Conventional wisdom would say that more bandwidth is actually a good thing for VoIP. But that is not the case when it comes to ADSL2+, according to this article in the CommsBusiness. The article explains that in classic ADSL scenario when a file is being transfered […]

Conventional wisdom would say that more bandwidth is actually a good thing for VoIP. But that is not the case when it comes to ADSL2+, according to this article in the CommsBusiness. The article explains that in classic ADSL scenario when a file is being transfered or a VoIP connection is made, the bandwidth allocated to that connection remains constant, till say the transfer of files is complete or say the call is finished.

From what I understand it is like having a dedicated port and every subscriber gets a certain amount of bandwidth. In the case of ADSL2+, subscribers share the bandwidth at the local exchange level, and the bandwidth allocation is more dynamic. Carriers like ADSL2+, as it allows them to over provision, though it is not such a good deal for DSL subscribers. (I am sure some of you might have a more eloquent description of how this technology works.)

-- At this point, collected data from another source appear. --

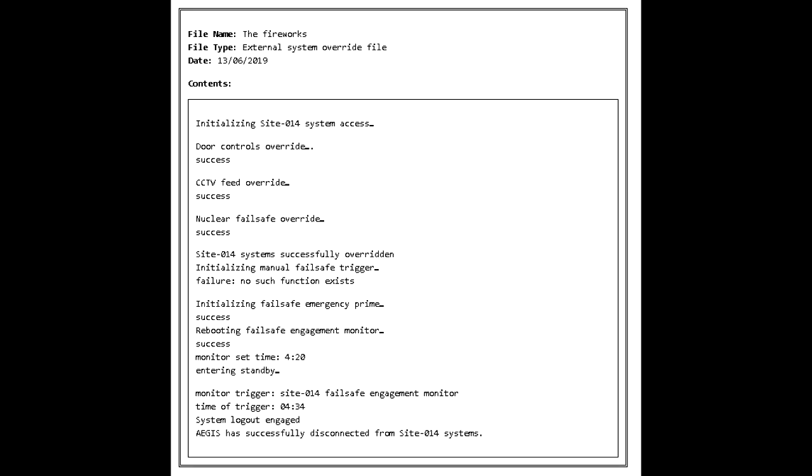File Name: The Fireworks. File Type: External System Override File. Date: June 13, 2019. Contents: Initializing Site-014 System Access. Door Controls Override Success. CCTV Feed Override Success. Nuclear Failsafe Override Success. Site-014 System Successfully Overridden. Initializing Manual Failsafe Trigger. Failure. No such function exists. Initializing Failsafe Emergency Prime. Success. Rebooting Failsafe Engagement Monitor. Success. Monitor Set Time: 420. Entering Standby. Monitor Trigger: Site-014 Failsafe Engagement Monitor. Time of Trigger: 434. System Logout Engaged. Agents have successfully disconnected from Site-014 systems.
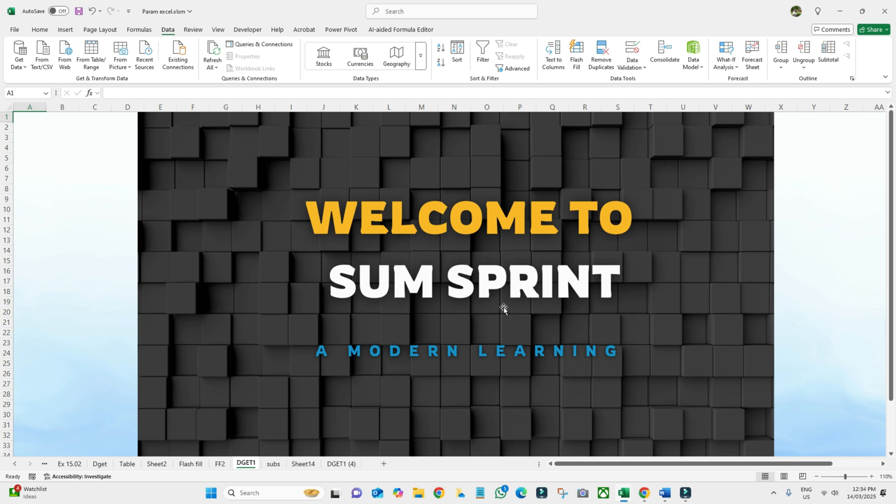Hello everyone, welcome back to my channel Sum Sprint. Today we are diving into one of Excel's most magical tools called Flash Fill. If you have ever wasted hours reformatting your data manually, this video will save your time.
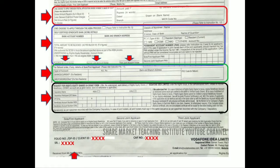Then, if you have any questions, you can clarify. The next thing I have mentioned is the signatures. If you have any account, you can sign it.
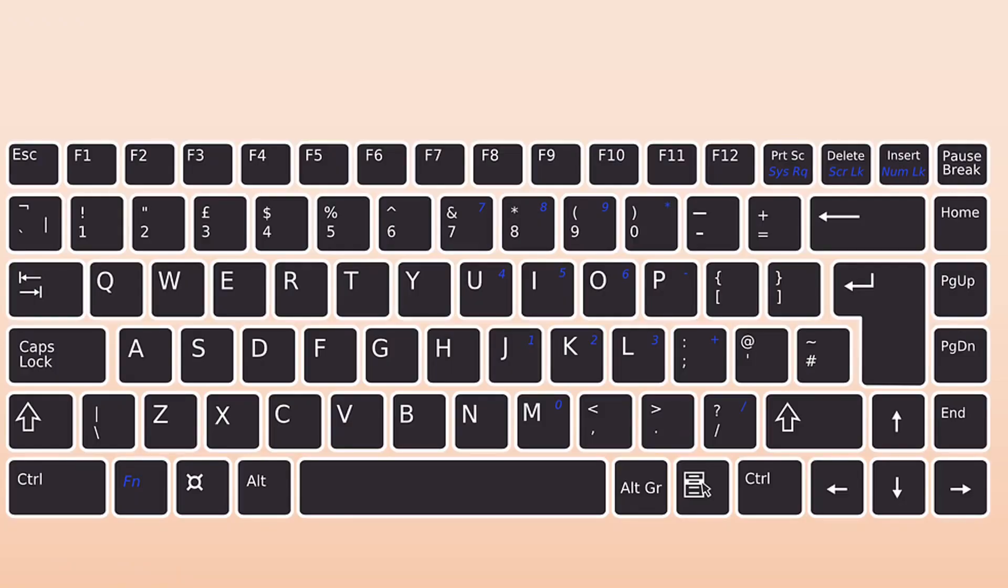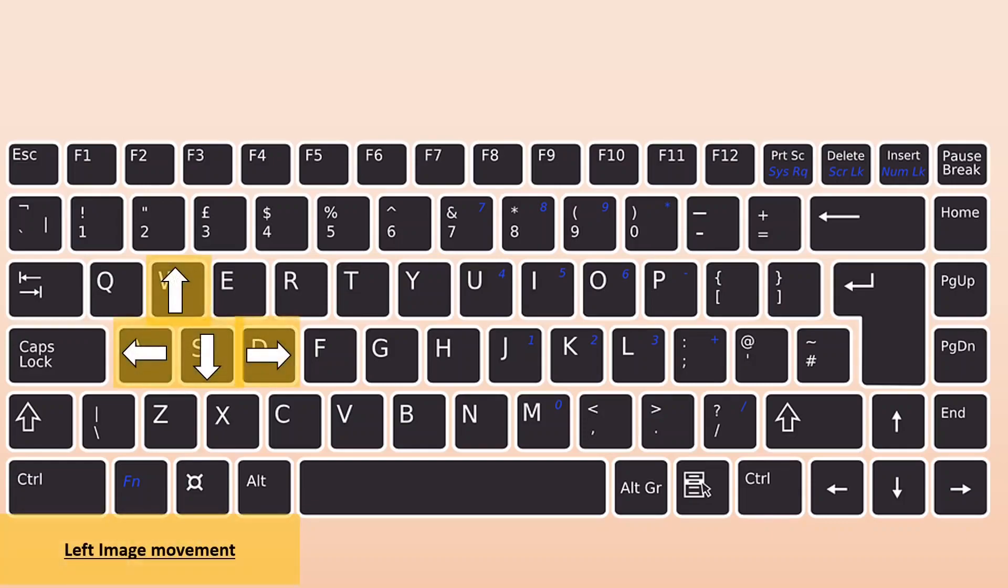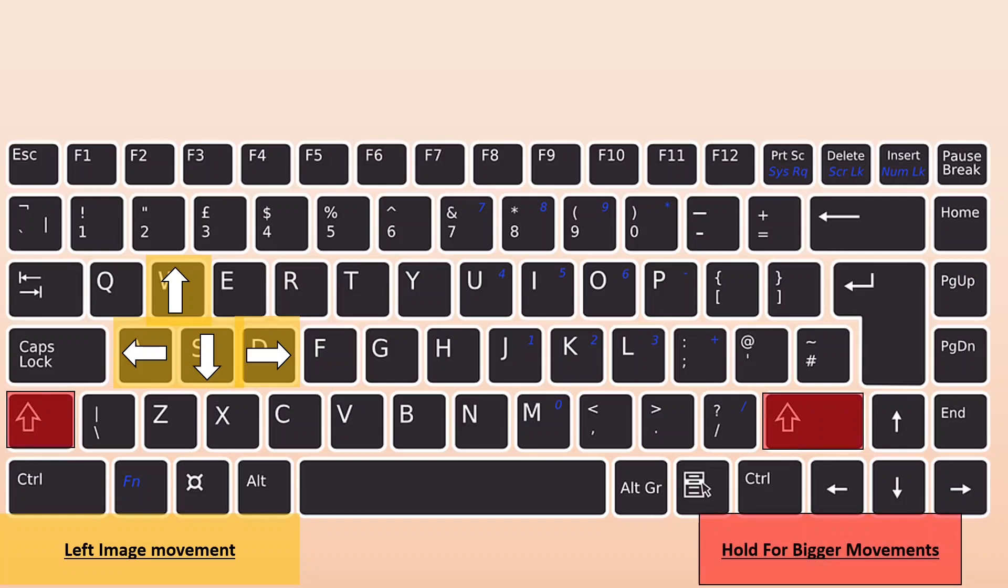You're going to be controlling this virtual comparison microscope using your keyboard. So here's a keyboard. To control them independently, for the left image and you want to move it, you're going to use the WASD keys to move it up, left, down, right, just like that. Those keys control the left image. If you hold down shift, you will make larger movements.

“This new technology uses a rate adaption policy which effectively means it can (and does) steal bandwidth dynamically from subscribers as and when required. We have seen upstream capacity decrease to lower than 57k in peak working hours which is simply not viable for a VoIP application. Period.” Scott Dobson, Managing Director of Newbury Based distributor Vcomm.

  1. Sorry, this is utterly and completely wrong. ADSL2+ is just ADSL with higher frequency bins in use (so top speed goes from 8mbit -> 24mbit and upstream from ~800k -> 3mbit).

    It has a feature called SRA (seamless rate adoption) but this is designed to prevent complete disconnects when there is noise, instead stepping down speeds until it becomes stable again. If SRA wasn’t there, you’d just get a disconnect and 30 seconds or so of no traffic whatsoever.

    Depressing this sort of misinformation can get published.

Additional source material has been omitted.